Embracing DORA Metrics

Embracing DORA Metrics

Many companies have successfully integrated DevOps practices into their engineering processes. In these organizations, teams are accountable not only for software development but also for how these applications are deployed and maintained. This embodies the DevOps principle of “You build it — you own it.”

Understanding DORA Metrics

The DevOps Research and Assessment (DORA) team at Google spent six years analyzing the state of DevOps in various organizations. They identified four key metrics as indicators of DevOps quality:

  1. Deployment Frequency (DF): This metric measures the rate of deployments. Ideally, with sufficient automated testing, teams are confident in their service and prepared to release every build that passes these tests. Frequent, fast deployments are preferred, though some teams might have different approaches like releasing once per sprint with a period of manual testing. Ranges can vary from multiple deployments per day (optimal) to monthly or slower (low performance). Optimal values demonstrate high agility and responsiveness in the development process.
  2. Lead Time for Changes (LTC): LTC measures the time elapsed from code commit to running in production. This metric considers the time it takes from developing a feature to deploying it in production. The journey from the initial commit to a merge request and finally to the master branch should be as short as possible. The optimal range is less than one day, indicating a highly efficient development pipeline. Times extending beyond one month are seen as less efficient.
  3. Change Failure Rate (CFR): This metric indicates the percentage of deployments that fail in production. Despite best efforts, errors can occur post-release due to differences between integration and production environments or overlooked edge cases. This metric reflects the percentage of deployments causing production issues, with a lower rate indicating better quality. An optimal CFR is low, typically between 0-15%, showcasing robust testing and quality assurance. A higher rate, especially above 45%, is a concern and suggests areas for improvement.
  4. Time to Restore Service (TRS): TRS assesses the time required to recover from a production failure. The likelihood of outages is always present, whether due to code or infrastructure issues. This metric measures the time needed to recover from a production error, with faster recovery times being ideal. The best-in-class organizations achieve restoration in less than an hour. A TRS longer than a day is considered suboptimal, pointing to issues in operational resilience and incident management.

Reasons to Use DORA

Regular measurement of these metrics allows teams to gauge and monitor their DevOps maturity level.

Enhanced Feedback and Continuous Improvement. By providing a quantitative framework, DORA metrics enable monitoring the health and efficiency of software development and deployment processes, leading to targeted improvements.

Predictability and Risk Management. These metrics offer insights into the stability and predictability of the deployment pipeline, aiding in better risk management and planning.

Fostering Collaboration. DORA metrics align developers, operations, and other stakeholders around common goals, breaking down silos and fostering a more integrated approach to software delivery.

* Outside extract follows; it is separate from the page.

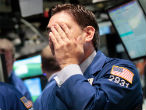 A trader doesn't like what he sees during Friday's session. Image of A trader doesn't like what he sees during Friday's session.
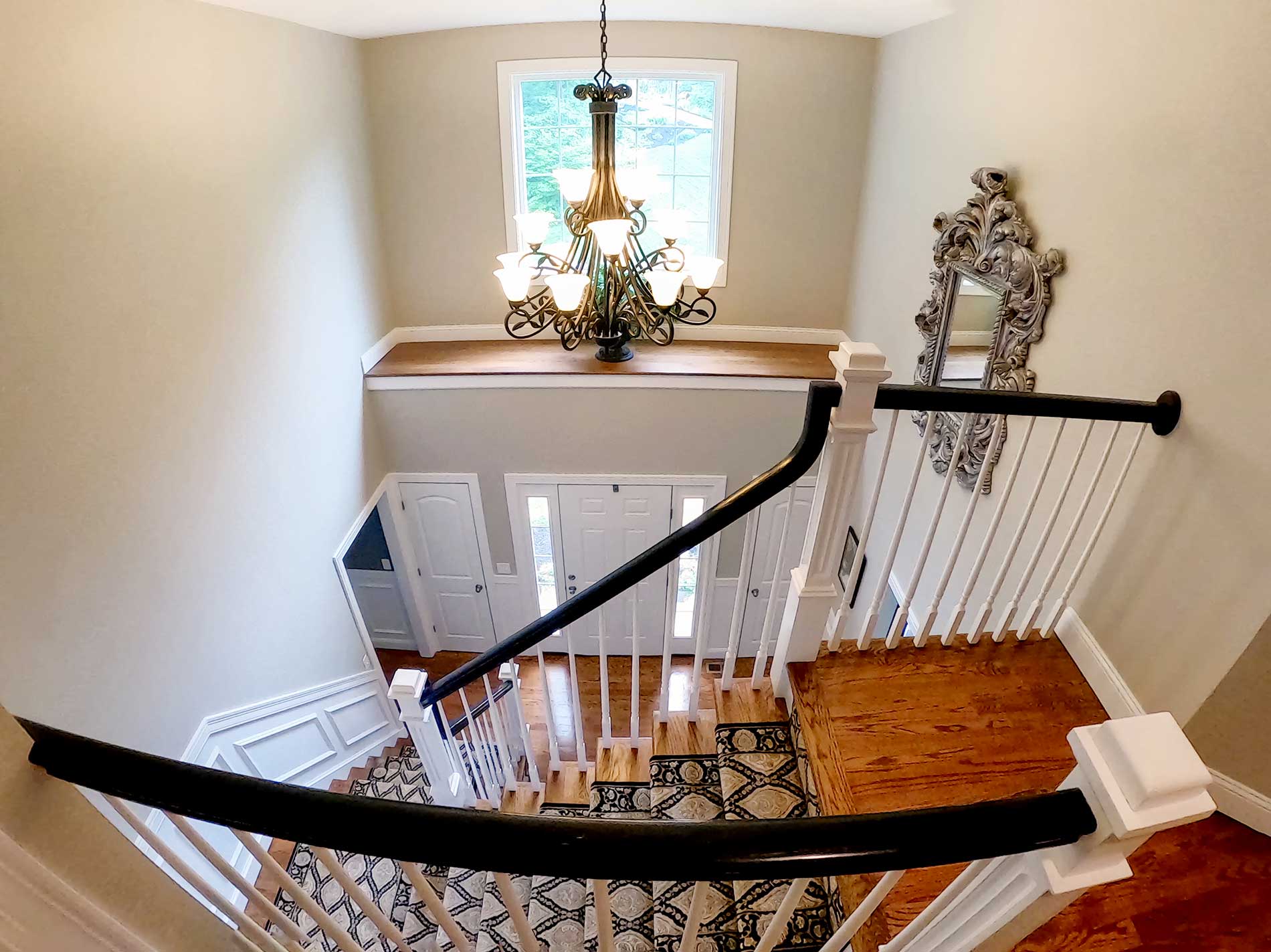 Staircase landing with chandelier, window, and curved black handrail over hardwood floor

Transparency and Accountability. Offering clear, objective data, DORA metrics enhance transparency and accountability, facilitating informed decision-making at both the management and team levels.

How to measure DORA

Google suggests using an ETL job to extract, process, and record metrics from a comprehensive source. This approach, while effective, raises questions about the source’s availability and the maintenance of the ETL job.

Using an Alternative Way

  • Deployment Frequency and Lead Time for Changes: Tools like GitLab can monitor these metrics with minimal configuration.
  • Time to Restore Service: Measured using internal status pages where services report disruptions and recovery.
  • Change Failure Rate: Monitored using tools like NewRelic. An heuristic algorithm might assume, for example, that a failure within 30 minutes post-deployment is likely caused by the deployment, though false positives are possible.

Summary

While DORA metrics are invaluable in optimizing delivery processes, it’s important to note that they primarily assess the phase post-development. They do not encompass the full value delivery flow, which begins with value creation requests and culminates in customers interacting with the delivered value. Therefore, while DORA metrics provide critical insights into the efficiency and effectiveness of the development and deployment stages, they do not reflect the entirety of the delivery pipeline. This understanding is crucial for managers and developers to contextualize the role of these metrics within the broader scope of DevOps practices.

Making decisions based on factual, numeric data is crucial in DevOps. DORA metrics are an excellent starting point in the world of DevOps metrics. They are understandable and typically straightforward to implement. Once integrated, they provide a means to monitor the quality of DevOps practices within a team or organization, helping to ensure continual improvement and efficiency.